Evidence barred in upcoming urethane price fixing trial against Dow

By Jeffrey May, J.D.

In preparation for trial in a price fixing action brought against The Dow Chemical Company by purchasers of polyether polyol products (PPPs), the federal district court in Newark, New Jersey, has set limits on the evidence that can be introduced by the parties. Notably, the complaining PPP purchasers, who opted out of a successful price fixing class action lawsuit in the federal district court in Kansas City, Kansas, will not be permitted to introduce into evidence the verdict in the class trial. The court also granted Dow’s motion in limine to preclude evidence of the company’s compliance programs and to limit references to Dow’s alleged involvement in other price fixing conspiracies (In Re Urethane Antitrust Litigation, February 8, 2016, Martini, W.).

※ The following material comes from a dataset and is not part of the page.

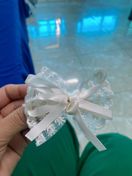Ảnh người mua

Class action case, verdict. The opt-out plaintiffs contended that they did not plan to affirmatively raise the class case or the class verdict during trial. In the class action, following the jury’s verdict in favor of the class plaintiffs, judgment was entered against Dow for $1,060,847,117. The judgment was upheld on appeal to the U.S. Court of Appeals in Denver. The opt-out plaintiffs did intend, however, to cross-examine Dow’s expert with the verdict in the class trial and have their own expert characterize the class verdict as a basis for her opinions. Dow’s expert planned to testify that the economic evidence was inconsistent with the existence of a conspiracy. Even assuming the class verdict was probative in that it may undermine Dow’s expert’s testimony, any probative value would be substantially outweighed by unfair prejudice and jury confusion.

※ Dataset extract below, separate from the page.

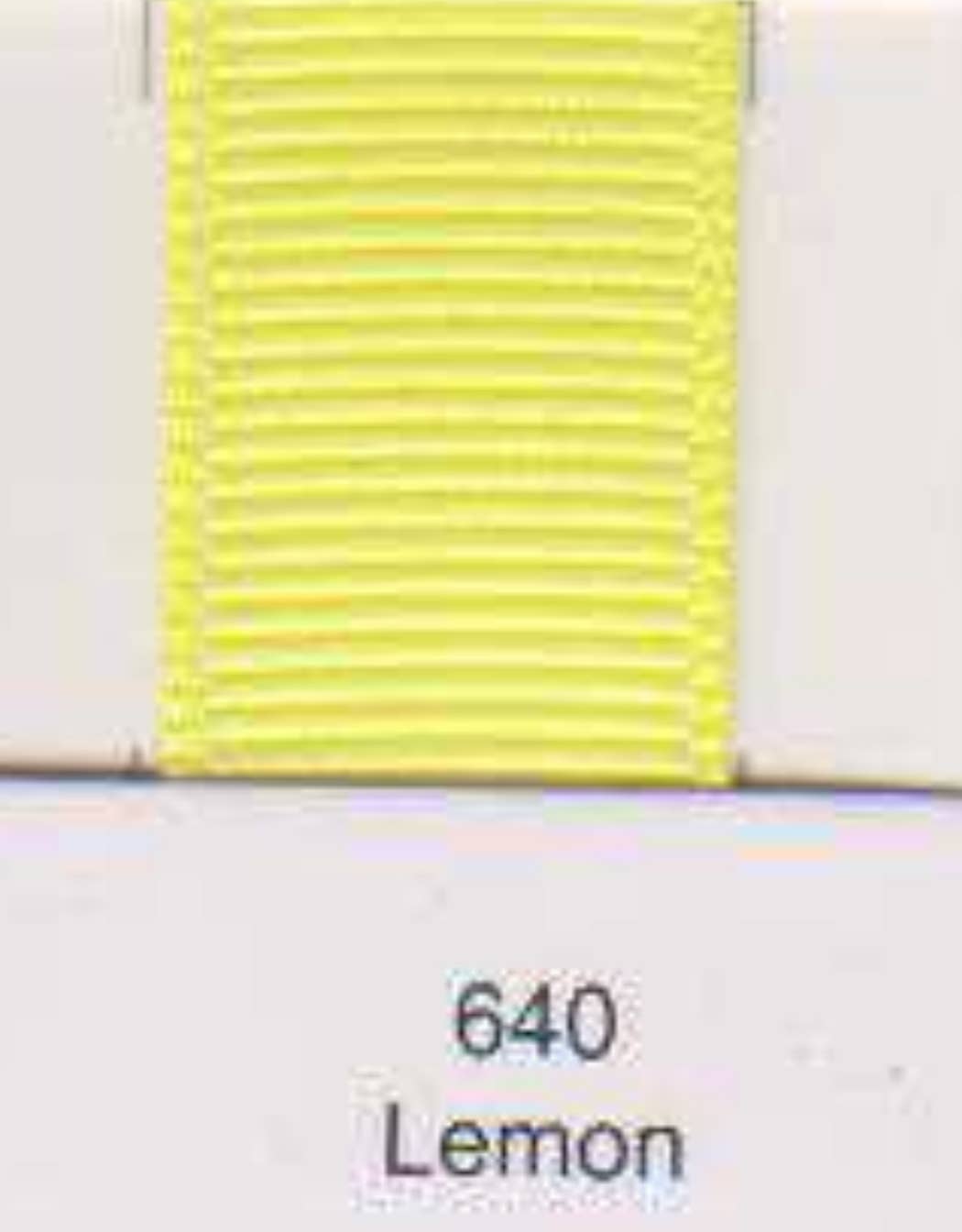 Monogrammable Paci Clips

Evidence of Department of Justice investigation. The plaintiffs were partially successful in their efforts to limit evidence relating to the Justice Department’s decision not to prosecute Dow following a criminal investigation into the company’s pricing conduct in the urethane market. Although the plaintiffs argued that the evidence should be categorically excluded on relevance and prejudice grounds, the court instead barred Dow from presenting evidence of the Justice Department’s investigation or its result as part of its case-in-chief. Dow would be able to introduce impeachment evidence of an agreement between the former head of another urethane producer who received prosecutorial immunity in exchange for cooperating with the government, so long as Dow did not refer to the investigation into Dow’s conduct.

Fifth Amendment invocation. At the plaintiffs’ request, the court also precluded Dow from introducing evidence related to the plaintiffs’ employees’ invocation of their Fifth Amendment rights at depositions. Dow contended that it was denied the opportunity to gather evidence relevant to its defense because of the Fifth Amendment invocations. However, Dow had received all of the discovery it was due, according to the court.

The case is No. 2:08-cv-05169-WJM-MF.

Attorneys: James E. Cecchi (Carella, Byrne, Cecchi, Olstein, Brody & Agnello, PC) for Carpenter Co., Carpenter Canada Co. and Burkart Foam, Inc. Lawrence S. Lustberg (Gibbons, PC) for Dow Chemical Co.

Companies: Carpenter Co.; Burkart Foam, Inc.; Dow Chemical Co.